Task item
Could you copy the lines below exactly, leaving none out?

(Collected data entries)
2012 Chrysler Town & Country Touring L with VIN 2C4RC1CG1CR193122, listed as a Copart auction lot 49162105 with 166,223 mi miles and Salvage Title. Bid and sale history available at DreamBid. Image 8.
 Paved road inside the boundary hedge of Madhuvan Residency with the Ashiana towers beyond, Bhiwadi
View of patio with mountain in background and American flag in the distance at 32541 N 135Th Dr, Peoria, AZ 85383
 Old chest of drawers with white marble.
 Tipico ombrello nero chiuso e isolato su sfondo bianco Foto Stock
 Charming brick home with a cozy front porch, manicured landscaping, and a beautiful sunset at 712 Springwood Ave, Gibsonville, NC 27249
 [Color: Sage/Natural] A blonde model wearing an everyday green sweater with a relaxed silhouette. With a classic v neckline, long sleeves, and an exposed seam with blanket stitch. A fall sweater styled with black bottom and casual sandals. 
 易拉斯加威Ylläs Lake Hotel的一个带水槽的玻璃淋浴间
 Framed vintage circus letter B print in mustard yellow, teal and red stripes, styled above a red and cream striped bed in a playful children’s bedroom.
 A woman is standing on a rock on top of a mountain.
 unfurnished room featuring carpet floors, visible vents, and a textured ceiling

Problem solution
2012 Chrysler Town & Country Touring L with VIN 2C4RC1CG1CR193122, listed as a Copart auction lot 49162105 with 166,223 mi miles and Salvage Title. Bid and sale history available at DreamBid. Image 8.
 Paved road inside the boundary hedge of Madhuvan Residency with the Ashiana towers beyond, Bhiwadi
View of patio with mountain in background and American flag in the distance at 32541 N 135Th Dr, Peoria, AZ 85383
 Old chest of drawers with white marble.
 Tipico ombrello nero chiuso e isolato su sfondo bianco Foto Stock
 Charming brick home with a cozy front porch, manicured landscaping, and a beautiful sunset at 712 Springwood Ave, Gibsonville, NC 27249
 [Color: Sage/Natural] A blonde model wearing an everyday green sweater with a relaxed silhouette. With a classic v neckline, long sleeves, and an exposed seam with blanket stitch. A fall sweater styled with black bottom and casual sandals. 
 易拉斯加威Ylläs Lake Hotel的一个带水槽的玻璃淋浴间
 Framed vintage circus letter B print in mustard yellow, teal and red stripes, styled above a red and cream striped bed in a playful children’s bedroom.
 A woman is standing on a rock on top of a mountain.
 unfurnished room featuring carpet floors, visible vents, and a textured ceiling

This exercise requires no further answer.